When running with float32 precision nvFuser provides a 1.12x geometric mean (“geomean”) speedup on TIMM networks, and when running with torch.amp and “channels first” it provides a 1.14x geomean speedup. However, nvFuser currently doesn’t speedup torch.amp and “channels last” training (a .9x geomean regression), so we recommend not using it in those cases. We are actively working on improving “channels last” performance now, and soon we will have two additional optimization strategies (grid persistent optimizations for channels-last normalizations and fast transposes) which we expect will provide speedups comparable to “channels first” in PyTorch version 1.13 and later. Many of nvFuser’s optimizations can also help in inference cases. However, in PyTorch when running inference on small batch sizes, the performance is typically limited by CPU overhead, which nvFuser can’t completely remove or fix. Therefore, typically the most important optimization for inference is to enable CUDA Graphs when possible. Once CUDA Graphs is enabled, then it can also be beneficial to also enable fusion through nvFuser. Performance of inference is shown in Figure 2 and Figure 3. Inference is only run with float16 AMP as it is uncommon to run inference workloads in full float32 precision.

Figure 2: Performance gains of enabling CUDA Graphs, and CUDA Graphs with nvFuser compared to the performance of native PyTorch without CUDA Graphs and nvFuser across TIMM models with float16 AMP, channels first inputs, and a batch size of 1 and 8 respectively. There is a geomean speedup of 2.74x with CUDA Graphs and 2.71x with CUDA Graphs + nvFuser respectively. nvFuser provides a maximum regression of 0.68x and a maximum performance gain of 2.74x (relative to CUDA Graphs without nvFuser). Performance gain is measured relative to the average time per iteration PyTorch takes without CUDA Graphs and without nvFuser. Models are sorted by how much additional performance nvFuser is providing.

Figure 3: Performance gains of enabling CUDA Graphs, and CUDA Graphs with nvFuser compared to the performance of native PyTorch without CUDA Graphs and nvFuser across TIMM models with AMP, channels last inputs, and a batch size of 1 and 8 respectively. There is a geomean speedup of 2.29x with CUDA Graphs and 2.95x with CUDA Graphs + nvFuser respectively. nvFuser provides a maximum regression of 0.86x and a maximum performance gain of 3.82x (relative to CUDA Graphs without nvFuser). Performance gain is measured relative to the average time per iteration PyTorch takes without CUDA Graphs and without nvFuser. Models are sorted by how much additional performance nvFuser is providing.

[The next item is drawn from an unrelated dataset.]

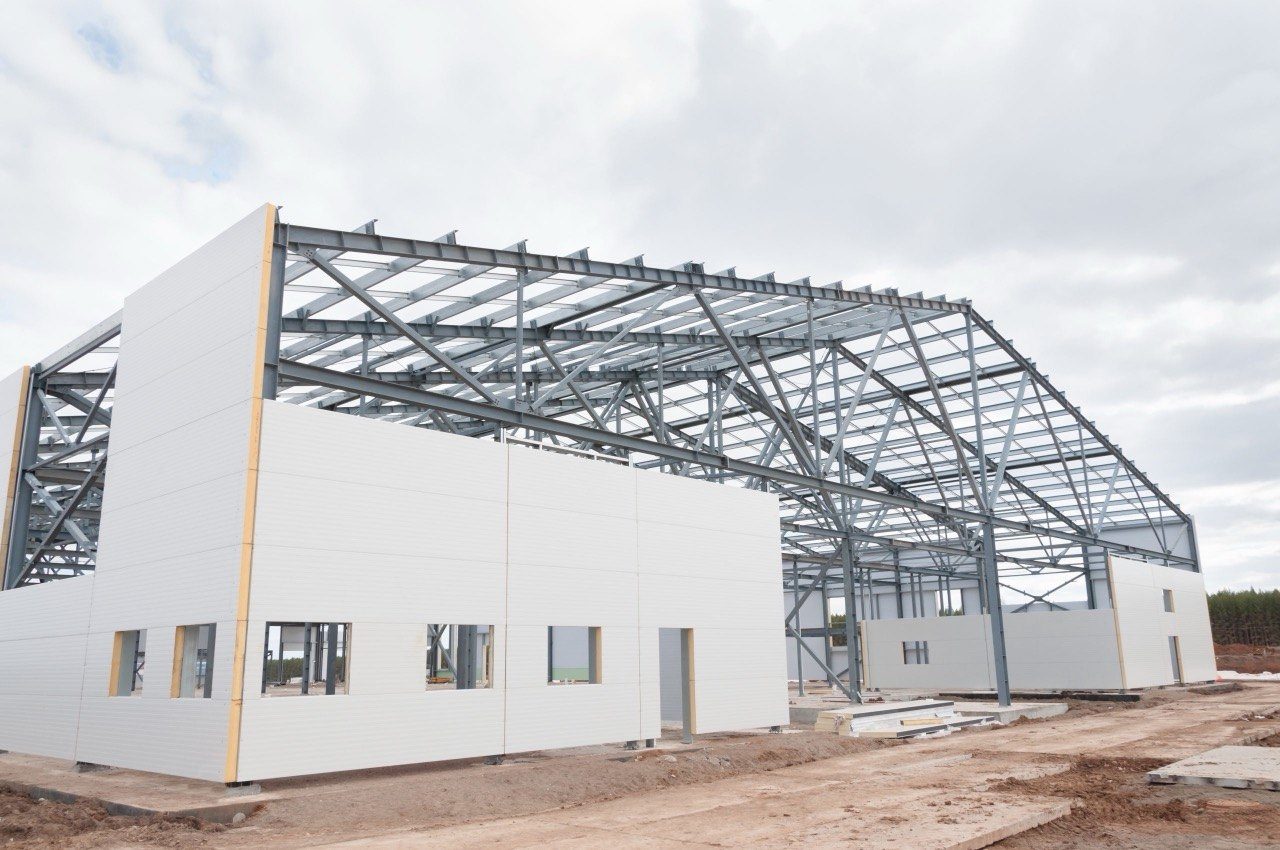Sandwich Panel & Expanel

So far nvFuser performance has not been tuned for inference workloads so its performance benefit is not consistent across all cases. However, there are still many models that benefit significantly from nvFuser during inference and we encourage users to try nvFuser in inference workloads to see if you would benefit today. Performance of nvFuser in inference workloads will improve in the future and if you’re interested in nvFuser in inference workloads please reach out to us on the PyTorch forums.

Getting Started – Accelerate Your Scripts with nvFuser

We’ve created a tutorial demonstrating how to take advantage of nvFuser to accelerate part of a standard transformer block, and how nvFuser can be used to define fast and novel operations. There are still some rough edges in nvFuser that we’re working hard on improving as we’ve outlined in this blog post. However we’ve also demonstrated some great improvements for training speed on multiple networks in HuggingFace and TIMM and we expect there are opportunities in your networks where nvFuser can help today, and many more opportunities it will help in the future.
If you would like to learn more about nvFuser we recommend watching our presentations from NVIDIA’s GTC conference GTC 2022 and GTC 2021.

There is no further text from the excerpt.